## EXCERPTED DATA:

----

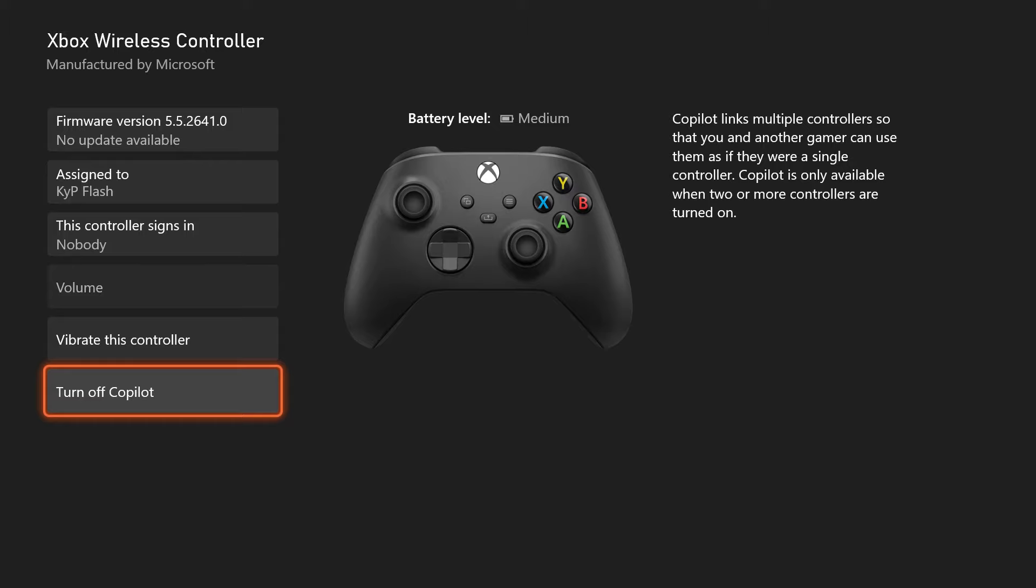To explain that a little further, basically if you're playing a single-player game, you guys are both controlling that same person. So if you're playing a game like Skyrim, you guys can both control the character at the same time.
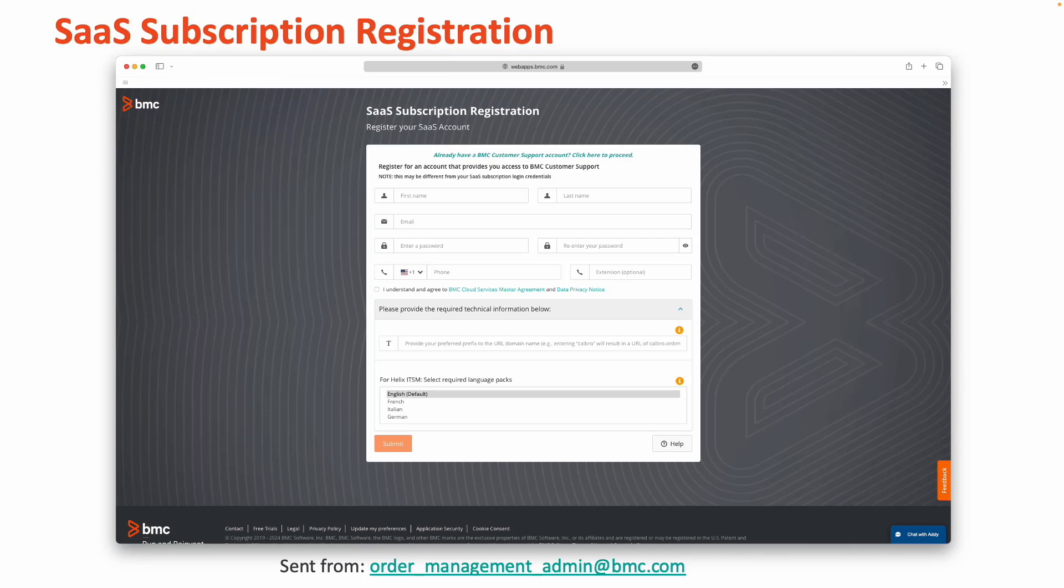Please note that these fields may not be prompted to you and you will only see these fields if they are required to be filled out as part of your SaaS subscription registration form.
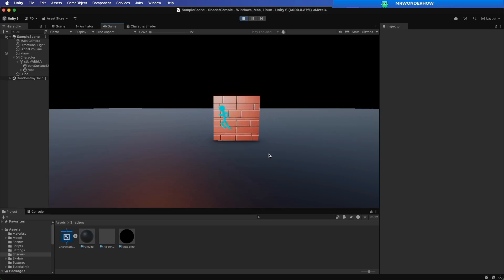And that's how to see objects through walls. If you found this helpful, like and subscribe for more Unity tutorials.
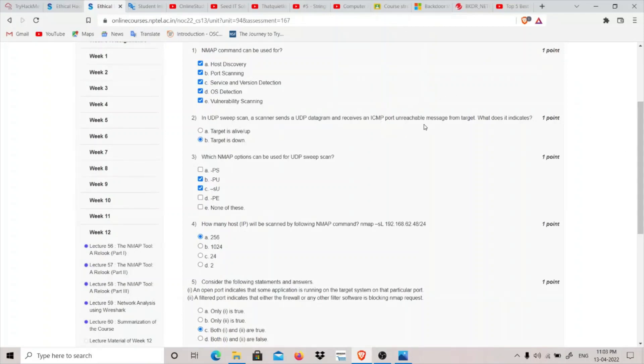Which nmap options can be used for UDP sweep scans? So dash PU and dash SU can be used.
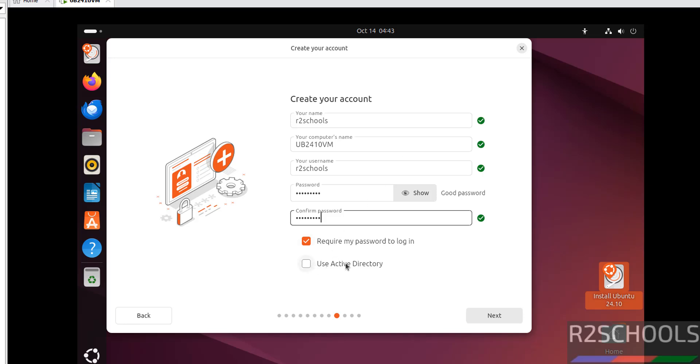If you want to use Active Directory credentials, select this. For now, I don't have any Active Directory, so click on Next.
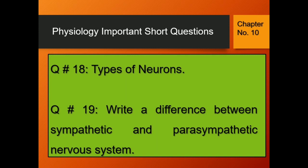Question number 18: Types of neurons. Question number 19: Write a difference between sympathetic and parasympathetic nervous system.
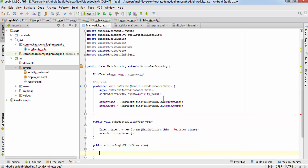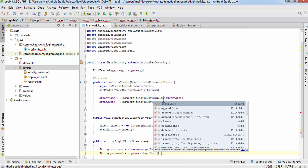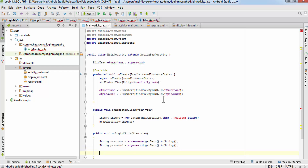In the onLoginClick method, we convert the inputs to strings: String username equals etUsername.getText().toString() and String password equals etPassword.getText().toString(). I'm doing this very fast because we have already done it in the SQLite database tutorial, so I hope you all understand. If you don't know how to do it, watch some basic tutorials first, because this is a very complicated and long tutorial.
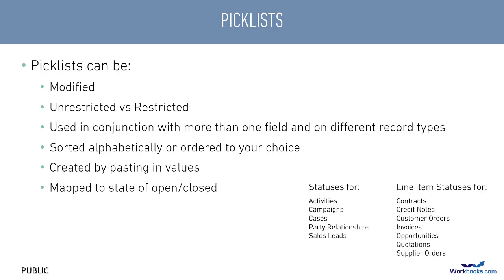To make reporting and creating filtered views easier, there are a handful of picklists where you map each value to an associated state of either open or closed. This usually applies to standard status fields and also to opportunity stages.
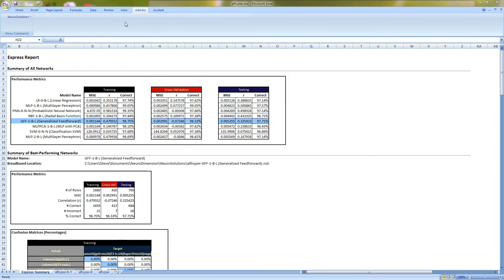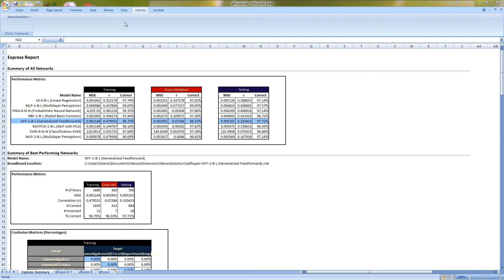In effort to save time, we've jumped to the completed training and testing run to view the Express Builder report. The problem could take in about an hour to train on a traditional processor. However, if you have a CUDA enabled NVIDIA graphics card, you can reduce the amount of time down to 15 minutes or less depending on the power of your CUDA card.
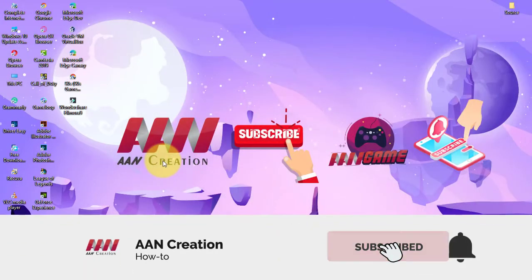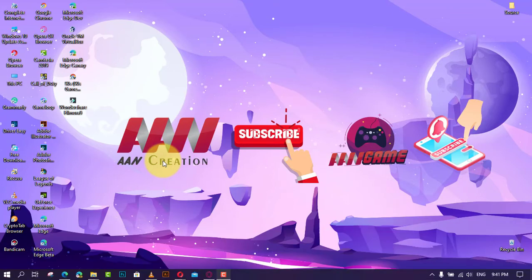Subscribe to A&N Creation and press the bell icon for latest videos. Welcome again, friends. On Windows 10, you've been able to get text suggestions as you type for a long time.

----

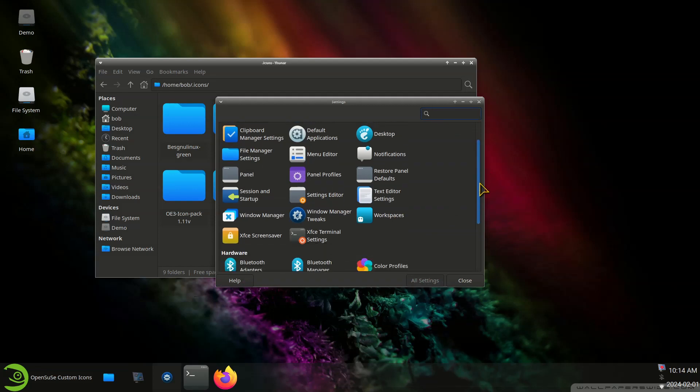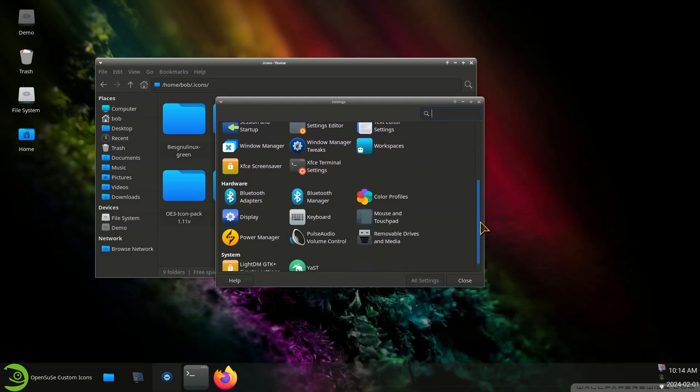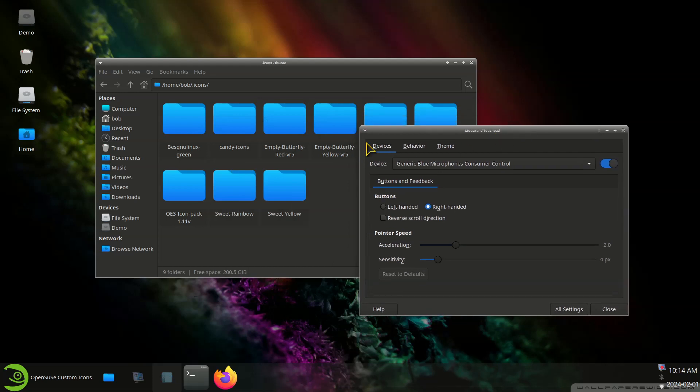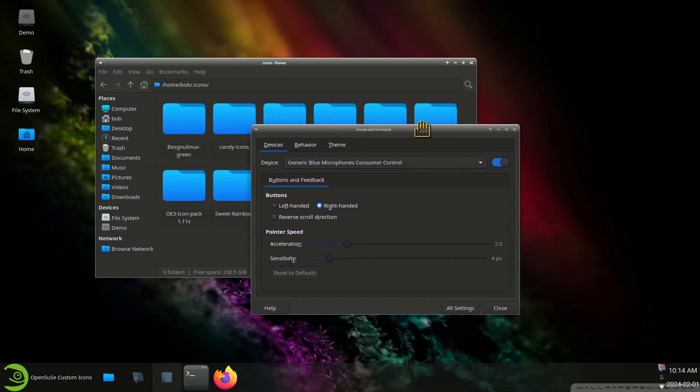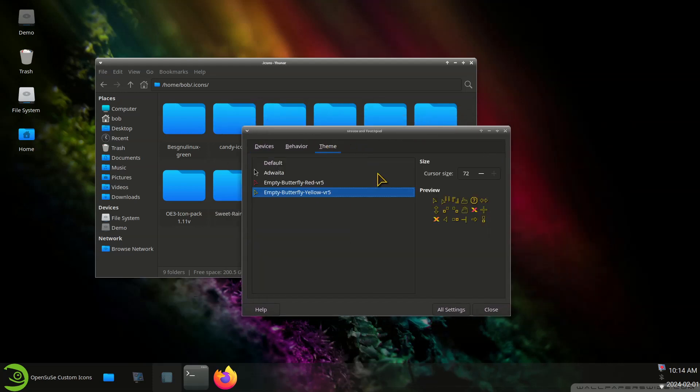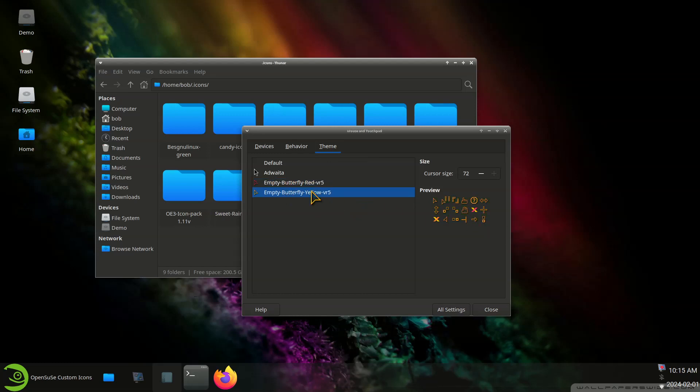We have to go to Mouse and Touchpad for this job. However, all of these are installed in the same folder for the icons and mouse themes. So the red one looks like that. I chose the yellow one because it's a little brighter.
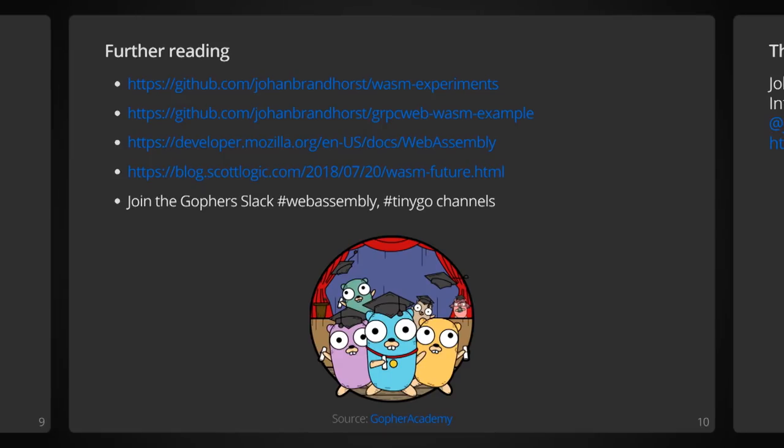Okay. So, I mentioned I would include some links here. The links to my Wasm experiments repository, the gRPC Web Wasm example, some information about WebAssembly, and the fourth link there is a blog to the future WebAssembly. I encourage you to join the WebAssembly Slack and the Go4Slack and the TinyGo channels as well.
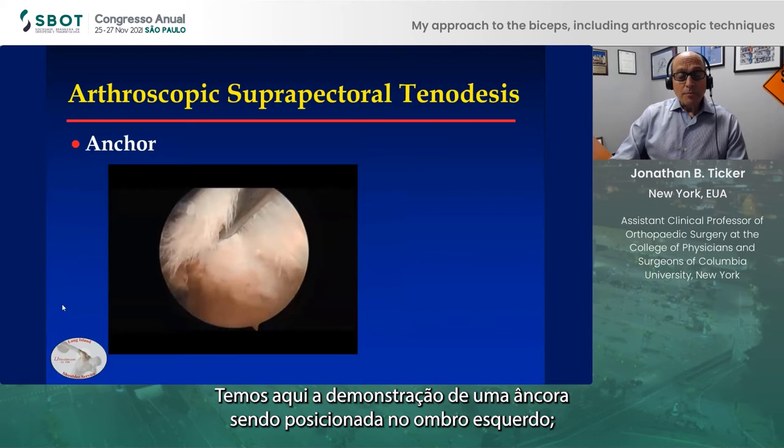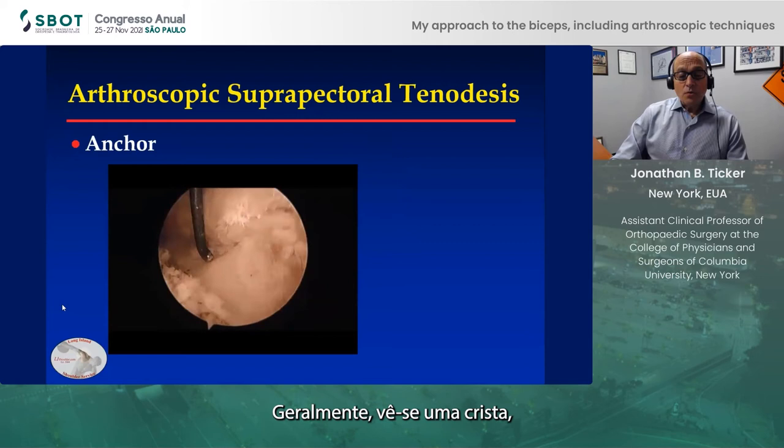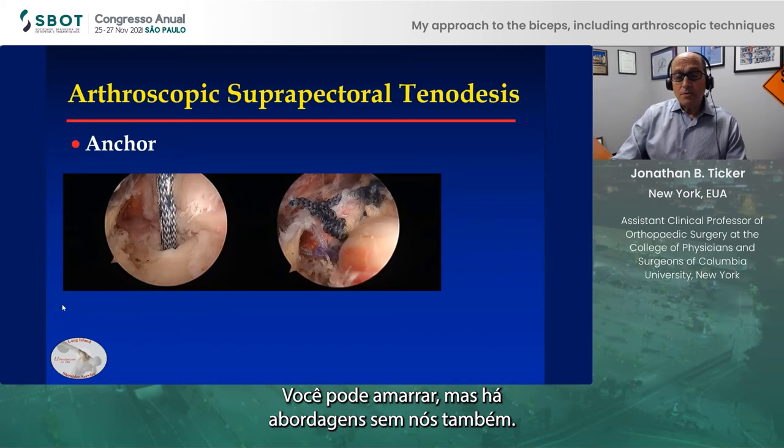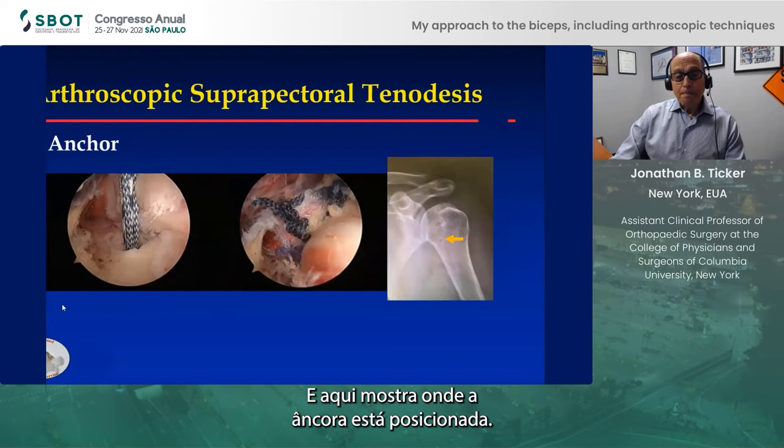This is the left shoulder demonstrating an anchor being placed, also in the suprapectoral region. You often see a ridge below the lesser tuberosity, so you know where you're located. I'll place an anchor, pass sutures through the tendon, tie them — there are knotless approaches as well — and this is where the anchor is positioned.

----

## ABOUT THIS TASK:
Using the data above, set down each line from the line with "To explain that" to the line with "If you want" exactly, both ends included, and leave the pictures behind. Nothing else belongs.

## OUTPUT:
To explain that a little further, basically if you're playing a single-player game, you guys are both controlling that same person. So if you're playing a game like Skyrim, you guys can both control the character at the same time.
Please note that these fields may not be prompted to you and you will only see these fields if they are required to be filled out as part of your SaaS subscription registration form.
And that's how to see objects through walls. If you found this helpful, like and subscribe for more Unity tutorials.
Which nmap options can be used for UDP sweep scans? So dash PU and dash SU can be used.
If you want to use Active Directory credentials, select this. For now, I don't have any Active Directory, so click on Next.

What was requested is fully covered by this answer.